What a precious tiny doll! I say you should keep her.  She's darling! Keep us posted on how things are going. 

Hugs and kisses to all 3. 

xxxx

Jade sends her Prince Charming extra smooches. :love5:


----------



## Jayda (Jun 15, 2012)

TLI said:


> What a precious tiny doll! I say you should keep her.  She's darling! Keep us posted on how things are going.
> 
> Hugs and kisses to all 3.
> 
> ...


She not be here until Labor Day weekend, I thought a three day weekend would be best. 

Prince says hello right back to Miss Jade!


----------



## jan896 (Dec 9, 2009)

I vote to KEEP HER.........  she is adorable!!!


----------



## Huly (Mar 5, 2012)

Zorana1125 said:


> Awwww Lynda she is such a doll!! Something tells me she may turn into a foster failure. ....
> 
> Sent from Petguide.com Free App


I was going to say the same thing! 



pupluv168 said:


> She's stunning! I love her already!
> 
> 
> Sent from Petguide.com App


Um Ashley you are looking for a girl 



Jayda said:


> She is very sweet......no idea what I am stepping into. I'm curious to see now Lady and Prince react. They have spent so time with the pup already when they boarded with their breeder when we were on vacation this summer.


Step one in adopting her



Jayda said:


> I guess the thought has crossed my mind but convincing my husband is another matter. The three together are adorable and so different in coloring. Really not sure though....





Zorana1125 said:


> Tell me how it goes! Who knows, she may melt his heart?? I will secretly keep my fingers crossed for ya.
> 
> Sent from Petguide.com Free App


Agree little girls are great at stealing daddy's heart


----------



## Jayda (Jun 15, 2012)

Ok, I guess I could see her as an addition. I fell in love with her when I met her. It will be convincing my husband. He merely agreed to fostering. She has those big sweet eyes just like Lady! Of course seeing if the three hit it off is important.


----------



## michele (Jan 12, 2009)

oh she is adorable,hubby will fall in love i'm sure you know what men are like !!!!!!


----------



## lulu'smom (Jan 4, 2012)

She sure is a little sweetie! Can't wait for Labor Day for her visit!!


----------



## intent2smile (Dec 4, 2011)

She is precious! I hope the visit goes well!

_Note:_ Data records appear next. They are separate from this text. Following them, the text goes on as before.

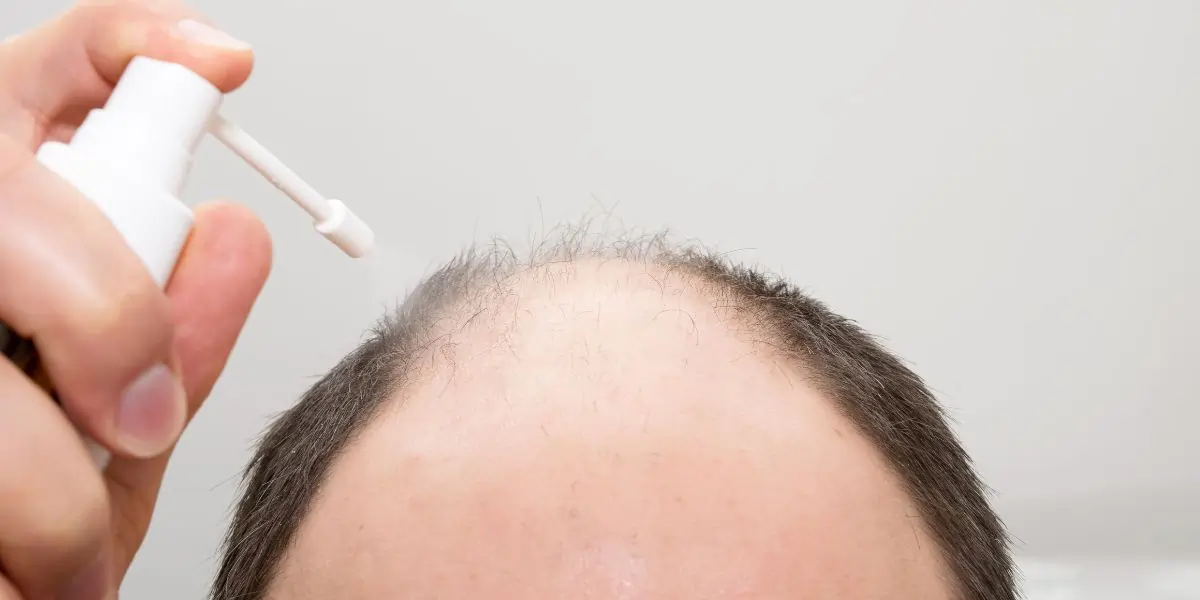 How Hair Patch Solution Gives You a Natural Look Instantly
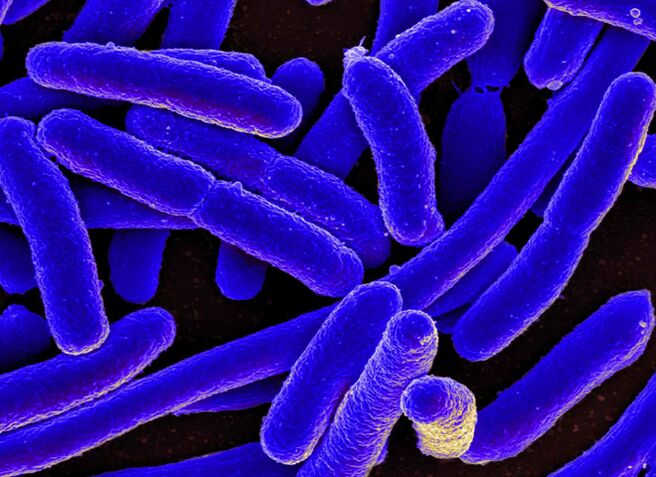 E. coli көбүнчө аялдарда циститтин өнүгүшүнө себеп болот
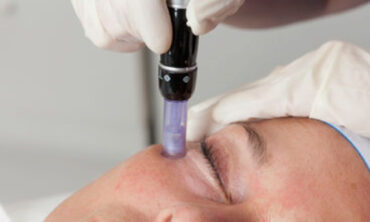 DermaPen™ Treatments: Unlocking the Secret to Healthy, Vibrant Skin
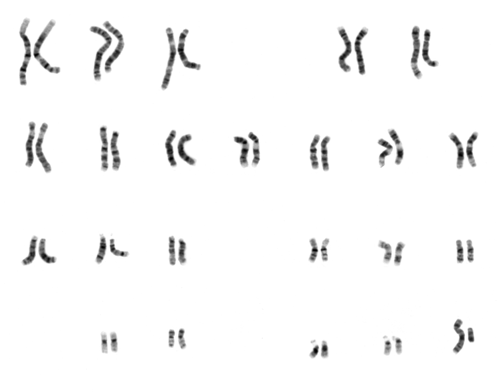 karyotypes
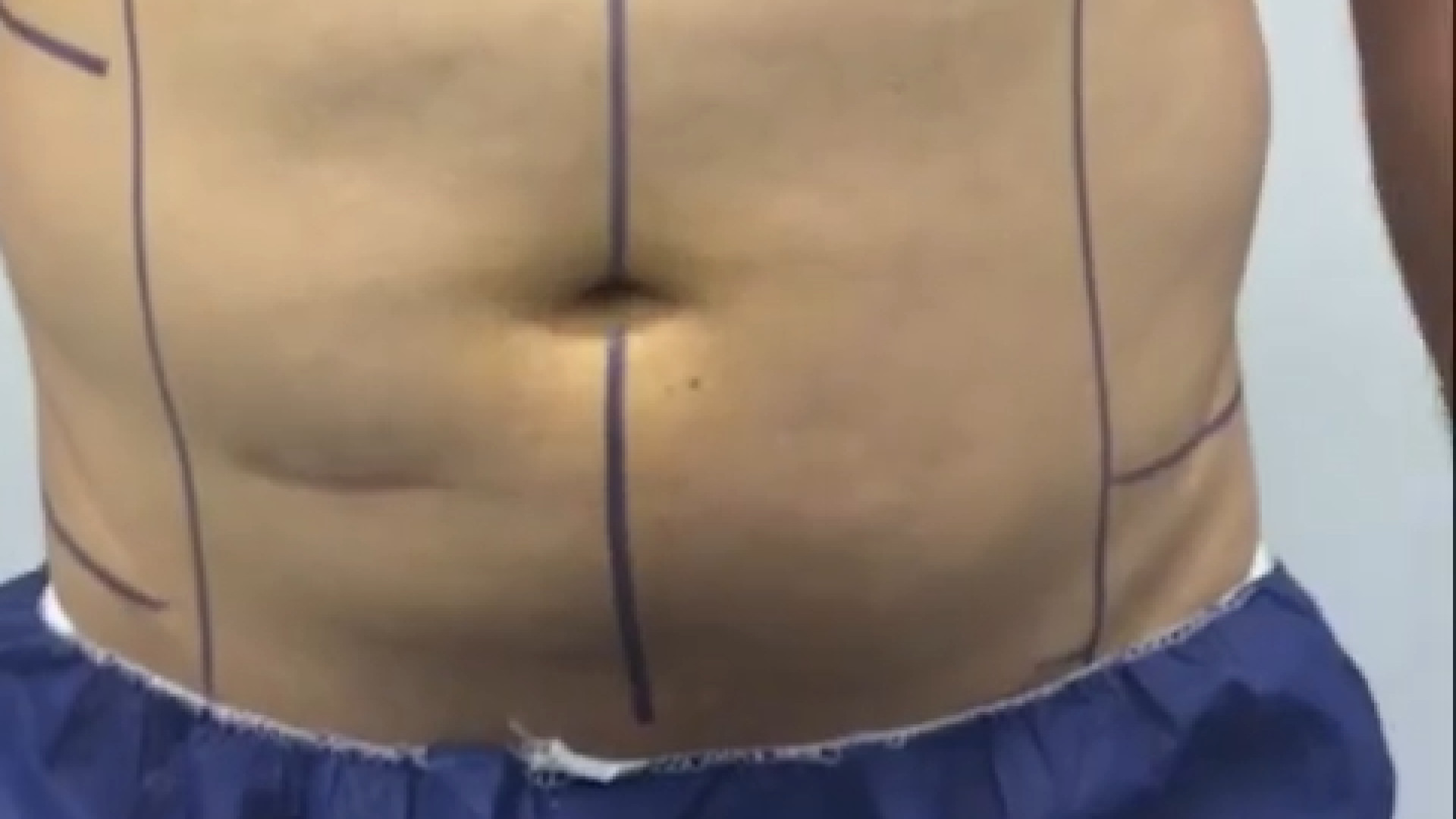 ایجاد سیکس پک با جراحی دکتر بیژن فریدنیا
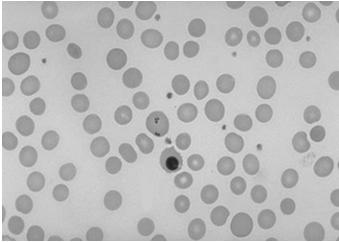 mycoplasma, mono) Schistocytes Peter Maslak, ASH Image Bank 2013; 2013-3718 Copyright 2013 American Society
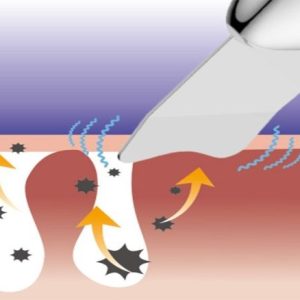 دستگاه پاکسازی پوست تاچ بیوتی مدل TB1769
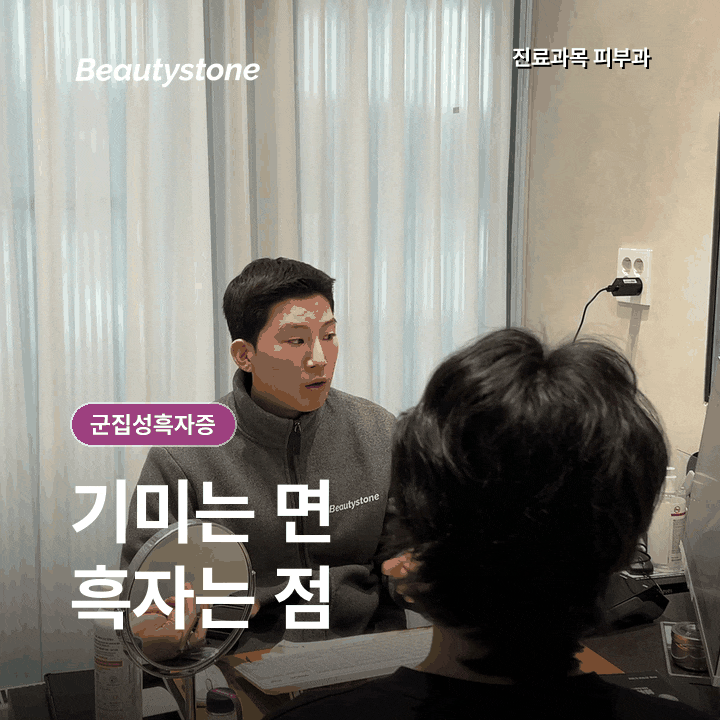군집성흑자증, 기미인 줄 알았는데 점이 모여 있다면? 관련 이미지 2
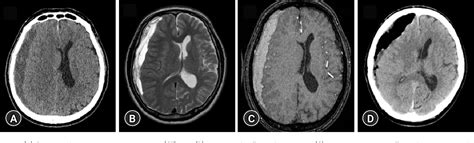Figure 1 From A Rare Case Of Hypertrophic Pachymeningitis After Surgery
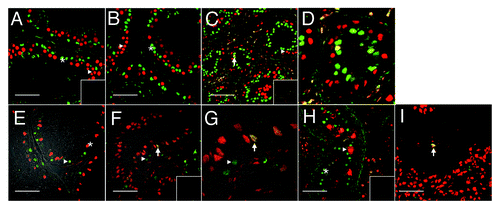 Figure 1. Evidence for Sertoli cell proliferation in men. Confocal immunofluorescence of proliferation markers in testis tissue from normal (A and E) and gonadotropin suppressed men [2 wk, B; 12 wk, C and D (enlarged portion of C) and F and G (enlarged portion of panel F)], in testis with carcinoma in situ (H) and in a tubule adjacent to a seminoma (I). Sections were probed with a combination of either GATA4 (green, in the nuclei of Sertoli cells) within the seminiferous epithelium (asterisks), and PCNA antibodies (red, staining cells with proliferation capacity - triangles) (A–D, H–I), or GATA4 (red) and Ki67 (green, staining proliferating cells) (E–G). Colocalization of GATA4 and PCNA or GATA4 and Ki67 in Sertoli cell nuclei (indicating a proliferative state, arrows) is shown by a yellow color. Figure 1E–G includes a transmitted light channel to illustrate histological detail. Inserts are negative controls. (Bar = 50 µm).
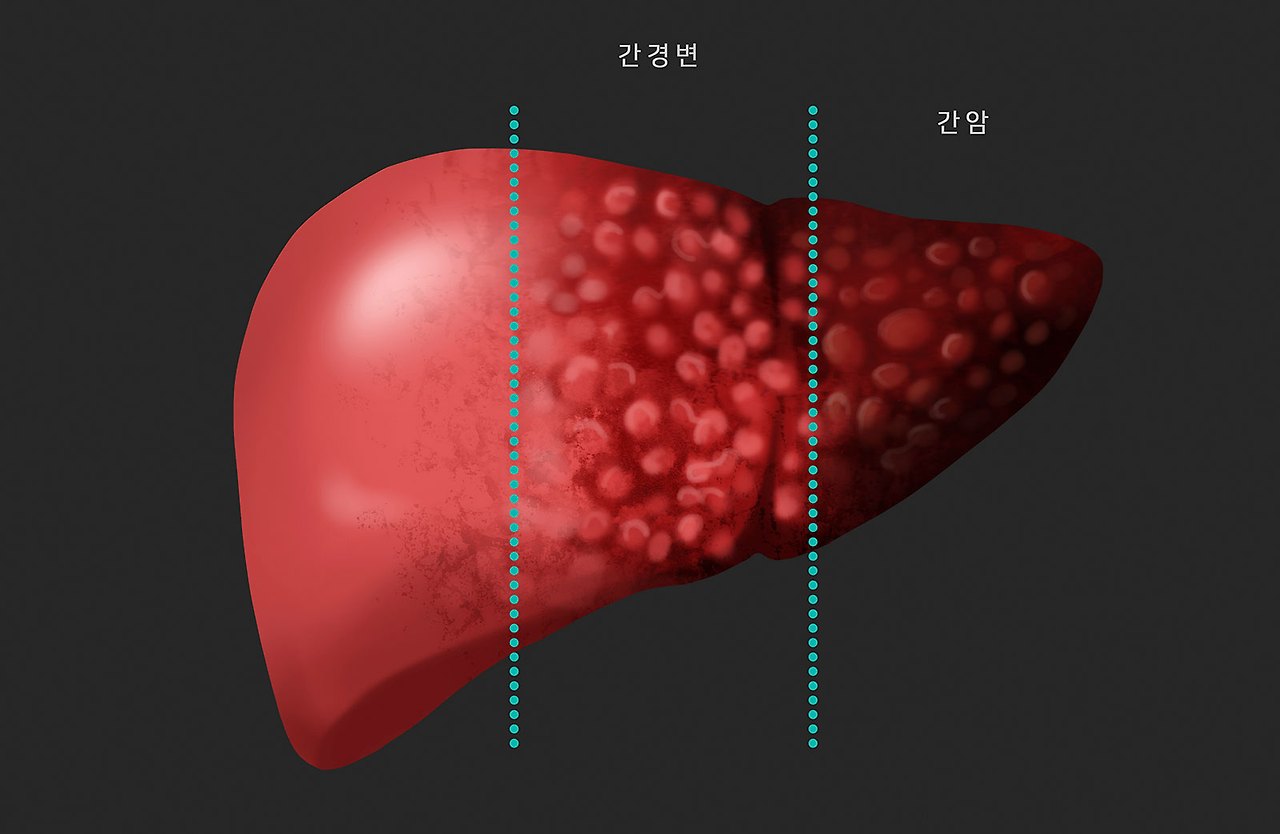 간암 초기증상과 간암 말기증상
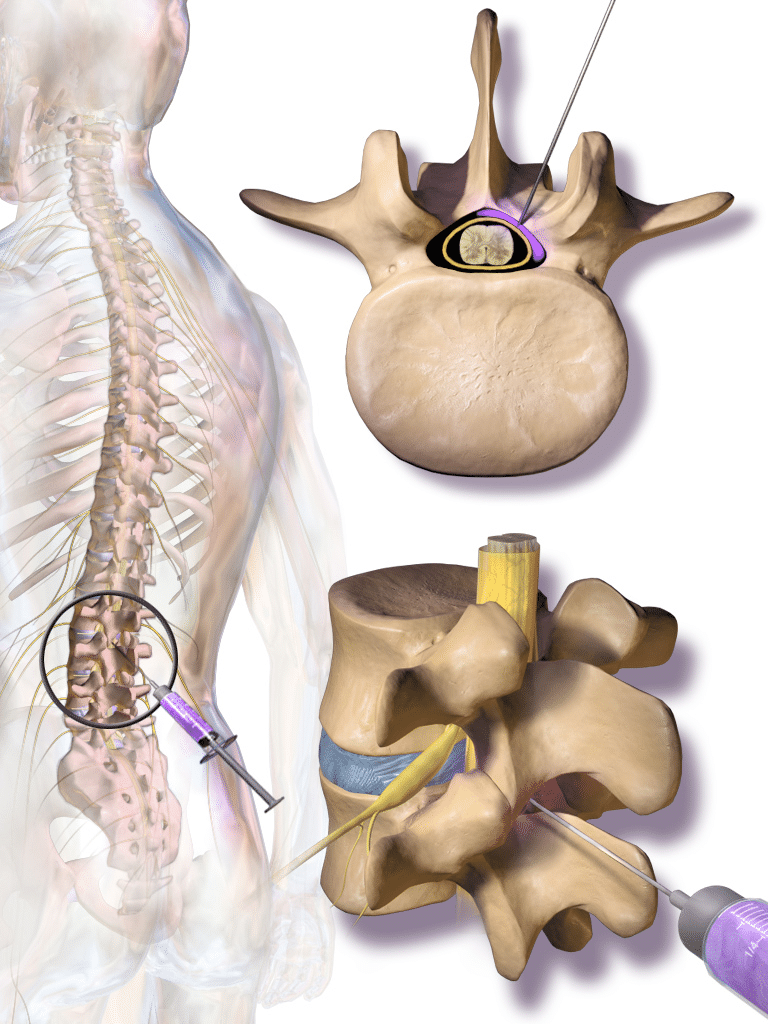 Epidural Steroid Injection Console And Associates P C technique-to-do-transforaminal-epidural-steroid-injection-tfesi-under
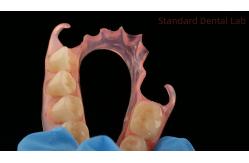 China Dental TCS Valplast Flexible Partial Dentures Dental Lab 3D Print Model High Esthetics supplier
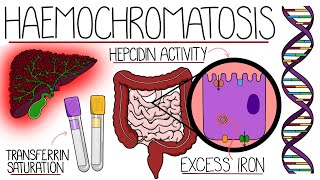 Understanding Haemochromatosis Hereditary amp Secondary [upl. by Trish819]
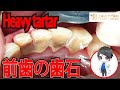 上尾の歯医者の歯周病治療・口臭の原因の歯石取り。鬼滅の刃パロ 歯滅の刃EP6 |,Mass tartar,टैटार, 韃靼,หินปูน,ขูดหินปูน口元美容・健康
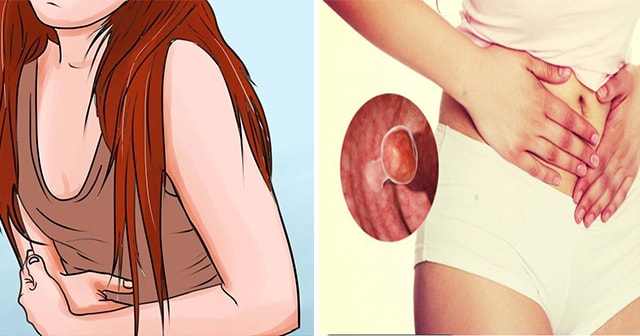 These are The 4 Uncommon Signs of Colon Cancer that Many People Accidentally Ignore
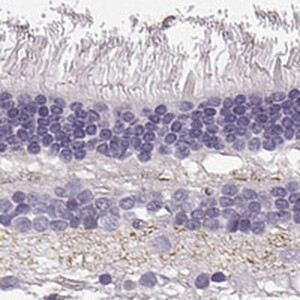 Anti-SLC1A7, IgG, Rabbit, Polyclonal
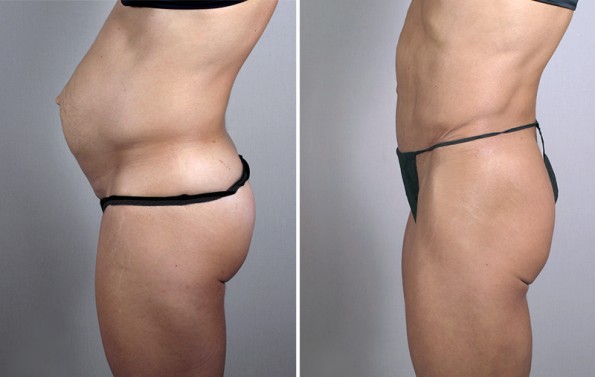 Side view of woman before and after lipoabdominoplasty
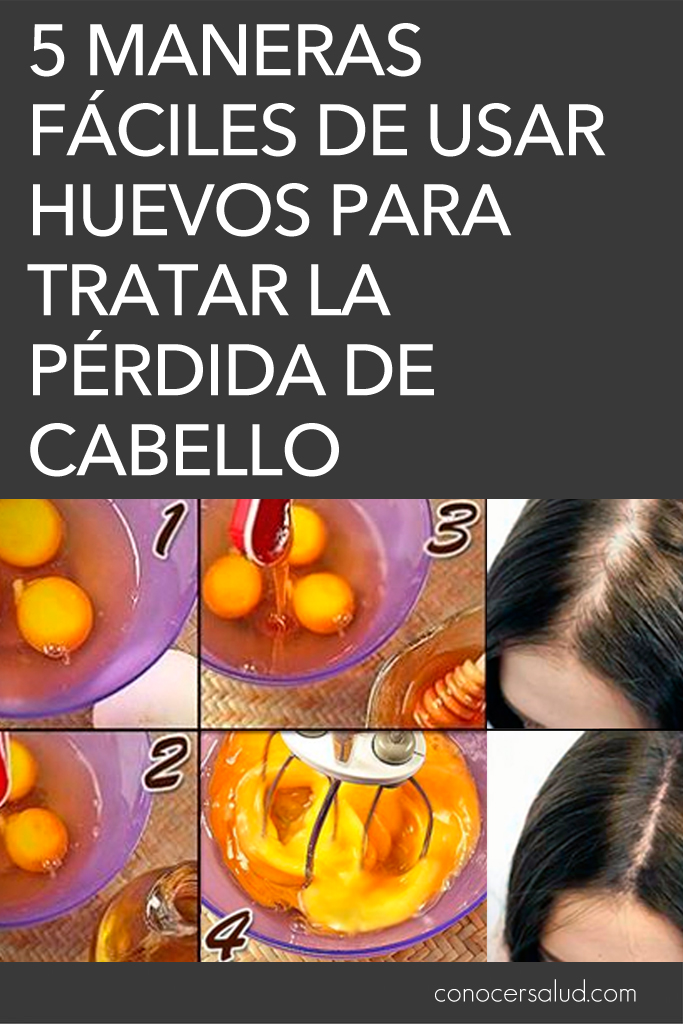 5 maneras fáciles de usar huevos para tratar la pérdida de cabello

Sent from Petguide.com Free App


----------



## Evelyn (Oct 14, 2012)

She look to me that she has already found a forever home, she is preciousl What kind of the dog is the bigger one , he is a good looking dog


----------



## Jayda (Jun 15, 2012)

Evelyn said:


> She look to me that she has already found a forever home, she is preciousl What kind of the dog is the bigger one , he is a good looking dog


I'm not sure what the bigger dog is but this breeder exposes her pups to her other dogs and their cats too. Her adults and puppies are used to be around other animals. 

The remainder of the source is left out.